## Activity
Your copy should match the entries exactly, except that it holds no pictures.

**** Dataset content ****

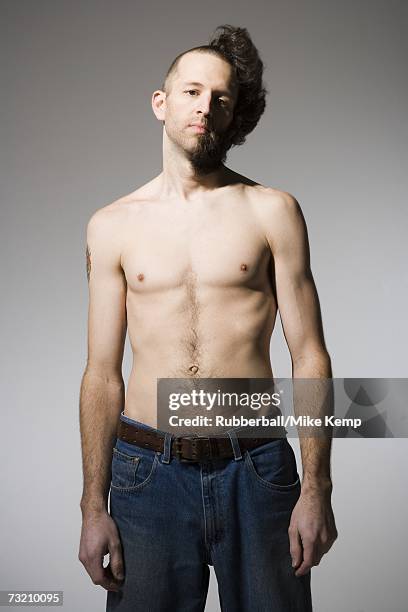 shirtless man with half shaved hair and beard - half shaved hair stockfoto's en -beelden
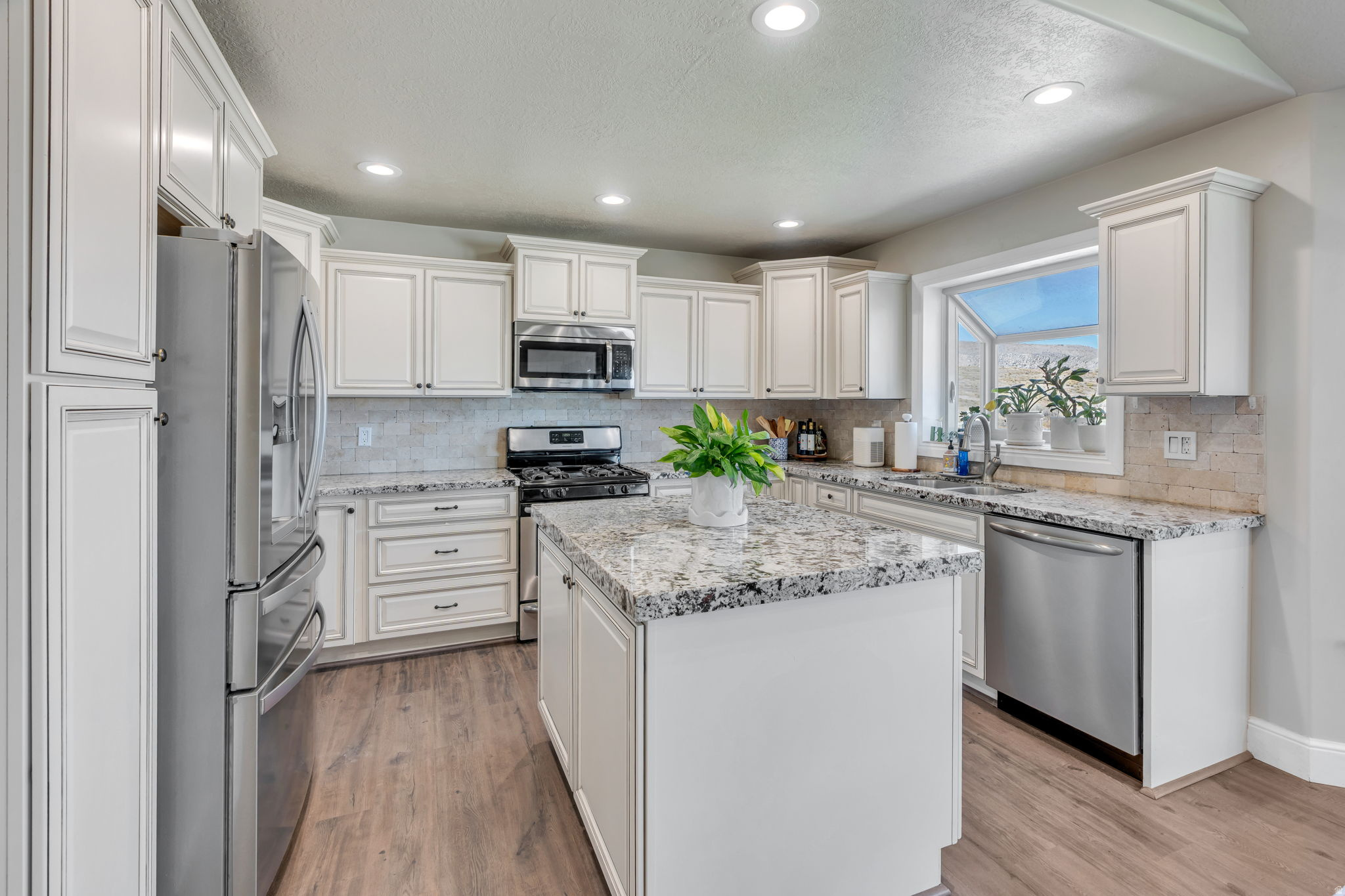 322 W LARIAT BLVD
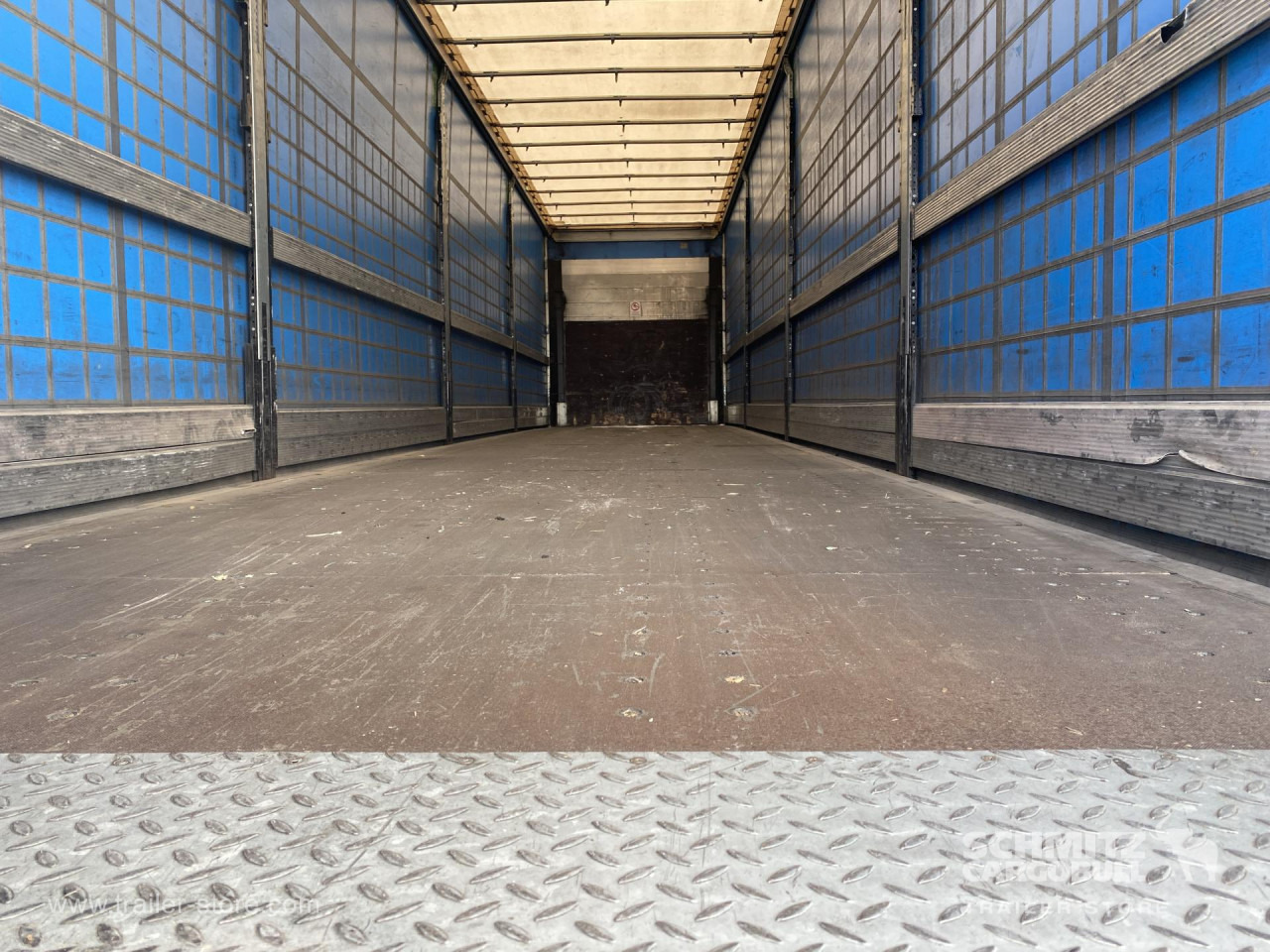 SCHMITZ Curtainsider Standard - Planenauflieger: das Bild 5 SCHMITZ Curtainsider Standard - Planenauflieger: das Bild 5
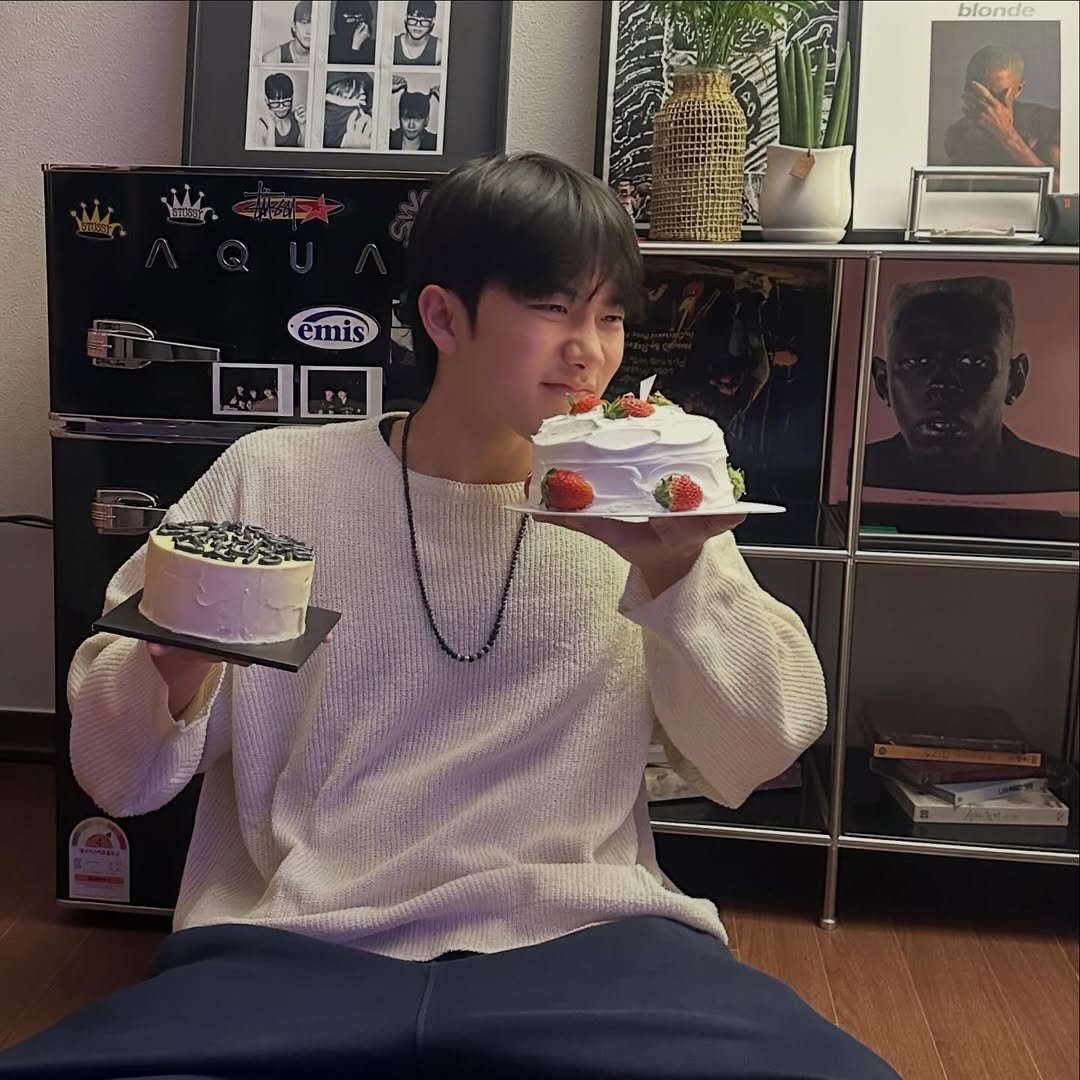 Photo by 안지호 on January 04, 2026. May be an image of text that says '世 ባማራ blonde emis TRIRNW'.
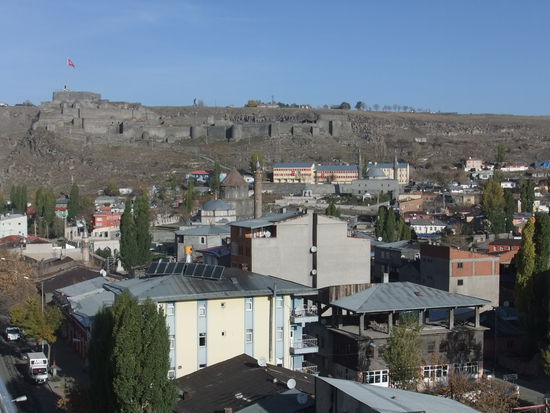 Türkei - Kars - Blick auf eine Festung vom Hotelfenster
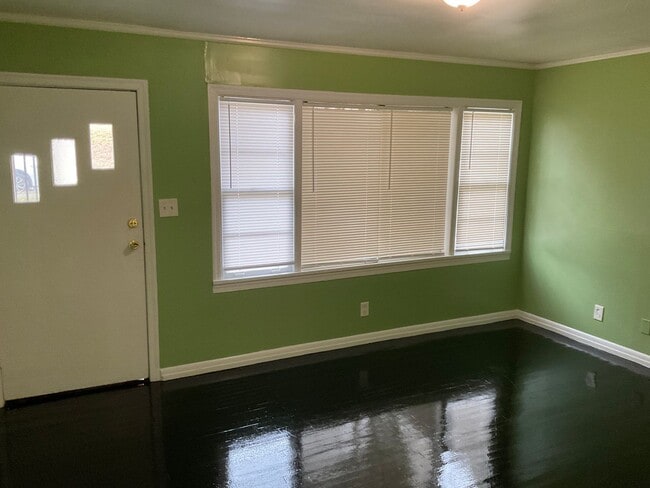 Photo - MOVE IN SPECIAL NOW OFFERED!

****

## Exercise solution
 shirtless man with half shaved hair and beard - half shaved hair stockfoto's en -beelden
 322 W LARIAT BLVD
 SCHMITZ Curtainsider Standard - Planenauflieger: das Bild 5 SCHMITZ Curtainsider Standard - Planenauflieger: das Bild 5
 Photo by 안지호 on January 04, 2026. May be an image of text that says '世 ባማራ blonde emis TRIRNW'.
 Türkei - Kars - Blick auf eine Festung vom Hotelfenster
 Photo - MOVE IN SPECIAL NOW OFFERED!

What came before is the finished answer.